Stories of people's online photos being used for nefarious purposes are easy to find: A soldier's photo was stolen off MySpace, posted by scam artists under a fake Match.com account and used to con one woman out of thousands of dollars. One blogger found her family's photo being used as an advertisement in the Czech Republic. Another mother's photo of her 4-year-old was pulled off Flickr and posted on a Brazilian social networking site where it was rated for "sexiness."
The convenience of sharing photos with friends (and non-friends) through social networking sites and blogs is undeniable. Unfortunately, so are the dangers. Not only can photos be stolen and used by strangers, but many photos, especially those taken by phones or devices with GPS technology, contain tags that reveal exactly where the photos were snapped. In other words, if a parent takes a photo of his or her child playing at home and then posts it online, it's possible for strangers to know exactly where they live.

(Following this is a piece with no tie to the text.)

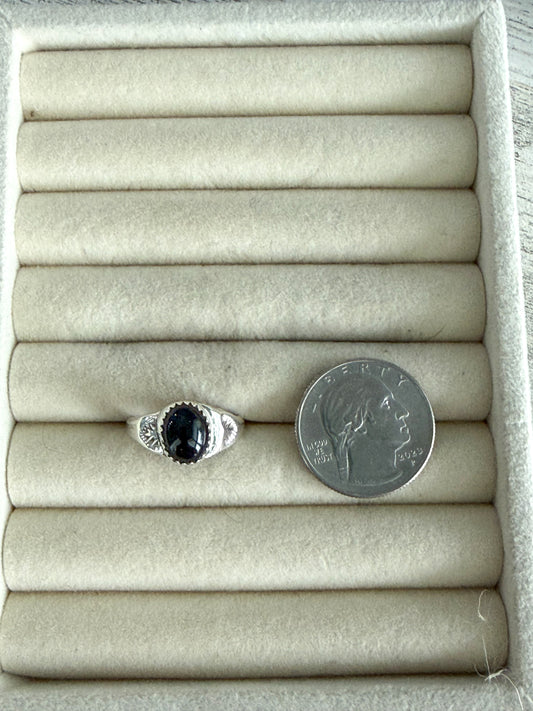 Native American Black Onyx Ring 8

A few simple steps can dramatically reduce your chances of falling victim, and there's no need to give up photo-sharing altogether. Here are six steps everyone should take to protect themselves and their families when posting photos online:
1. Check your privacy settings. Facebook and many other social networking sites give users options when it comes to who can view their photos and personal information. On Facebook, users can specify that they want only their "friends" to view their photos, or "friends of friends," or "everyone." (To check your settings, log in to your account and go to "privacy settings.")
2. Know who your friends are. If you have hundreds of friends on Facebook, chances are you don't know them all that well. Take a moment to review your friends list to make sure everyone still sounds familiar. Perhaps you accepted a friend request from an old high school classmate, but he or she appears to have grown up into an odd person. You might want to consider de-friending him or her.
3. Disable GPS technology before taking photos with a smartphone if you plan to post the photos online. Even some regular cameras have this technology, so check what information is included with your photos before posting them online. You should be able to turn off the high-tech feature before snapping, and you might want to consider doing so when you are in your home or places you frequent often.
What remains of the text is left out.